Сергеев и городок
Шрифт:
— Да, пожалуй... — отец Михаил посмотрел на Уткина, подвигал бородой и задумался.
— Давай, Миша, не тяни, — торопили его.
— Что же сказать?.. — он еще думал. — Вот что я скажу: всяк по-своему Господа славит.
Он лихо выпил и, не закусывая, повернулся к Уткину:
— Дай-ка я тебя просто обниму.
В добрый путь
Железная дорога — наша гибкая, но упрямая железка — ежедневно с великими мученьями выбирается из Москвы. Царапая брюхо на стрелках, обдирая бока о бесчисленные столбы и светофоры, оставляя клочья зеленой шкуры на шершавых стенах бетонного лабиринта, она выдавливается из столицы пульсирующими толчками. Она стегает себя электрическими разрядами и кричит раненым зайцем, она проползает мимо ближних перронов, не открывая
Но, набирая ход, устремляясь в космически-бескрайние бездны страны, железка дает почему-то маленький изгиб, будто высунула язык, чтобы лизнуть кого-то мимоездом. Кому же предназначена ее дразнящая ласка? Кто это свернулся клубочком в долине и снисходительно жмурится на вагонный промельк? Нет, не взвихрит его веселый полет железной подружки, не унесет в заветные дали. Но он рад, ей-богу, рад этим кратким бесшабашным свиданиям и всегда поощрительно светит навстречу зеленым глазом — в добрый путь!

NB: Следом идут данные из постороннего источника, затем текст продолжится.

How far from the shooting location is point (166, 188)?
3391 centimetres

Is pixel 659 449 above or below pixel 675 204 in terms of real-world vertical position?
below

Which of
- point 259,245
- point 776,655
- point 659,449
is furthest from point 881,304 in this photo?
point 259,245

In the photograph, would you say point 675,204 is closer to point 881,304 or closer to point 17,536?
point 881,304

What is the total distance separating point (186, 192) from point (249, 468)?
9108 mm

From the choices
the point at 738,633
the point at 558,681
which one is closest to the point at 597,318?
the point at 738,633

Мимолетное лобзание перрона, короткий нецеремонный свисток — и дорога, описав дугу, словно лента убегающей кокетки, скрывается в повороте Городок, вздохнув, переставляет стрелки, перемигивает светофором и принимается перебирать гостинцы, что вперемешку горстью высыпала она на привокзальную площадь. Часть из них, впрочем, — его же собственность, занятая железкой накануне: ночные рабочие, подрядившиеся задешево рыть метро, компания молодежи, «оттянувшаяся» в столице на всю катушку, зевающая блядь с поврежденным макияжем. От себя Москва прислала бледноногих дачников в шортах и дачниц с унылыми грудями, висящими в майках. Да еще пара чиновников с одним «дипломатом» на двоих озирается в поисках пива — какая-нибудь облинспекция «по наводке». Словом, обычное ассорти...

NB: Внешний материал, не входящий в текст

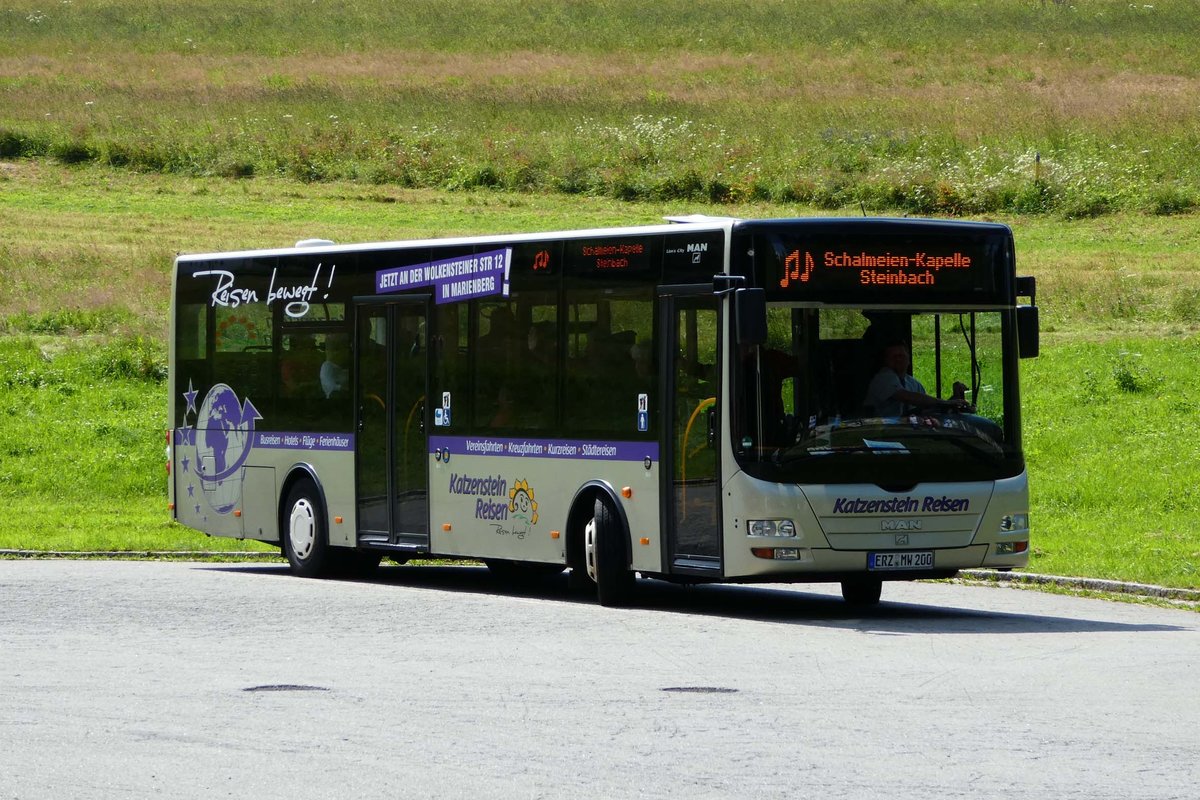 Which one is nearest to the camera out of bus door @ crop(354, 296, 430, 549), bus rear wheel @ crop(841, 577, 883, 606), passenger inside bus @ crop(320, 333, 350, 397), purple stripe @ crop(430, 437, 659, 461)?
purple stripe @ crop(430, 437, 659, 461)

Но сегодня дорога подбросила городку нечто необычное. Немногочисленная публика, прибывшая утренним поездом, уверенно впиталась в городские поры, отчасти забрана была скучавшим автобусом, и снова станционные окрестности почти обезлюдели. Но на платформе нерастворимым остатком, комочком чужого мира продолжало гомонить семейство инородцев. Несколько ребятишек, похожих на цыганят, и женщина с аутически-безразличным лицом, едва выглядывавшим из платков, сгрудились около своих пожитков и не двигались с места. Кожа их была смугла, но не от загара, а словно бы изнутри, будто и там, под кожей, тело у них было темнее, чем у русского человека. И все же цыганами они не были. Они явно не знали, что им делать: их только что высадили за безбилетный проезд. Ушлые цыгане дождались бы следующей электрички и ехали дальше по кочевым делам, а эти выглядели растерянными. И хотя наше негреющее солнце и эти асфальтовые перроны не были им внове, вид их говорил: они неопытные путешественники. Спустя некоторое время — в результате ли долгих понуканий со стороны детей или собственных трудных размышлений — женщина подала гортанную команду, подхватила самый тяжелый узел и, не оглядываясь, пошла в сторону вокзального здания. Похватав остальные котомки, гомонящая мелочь поспешила за мамашей.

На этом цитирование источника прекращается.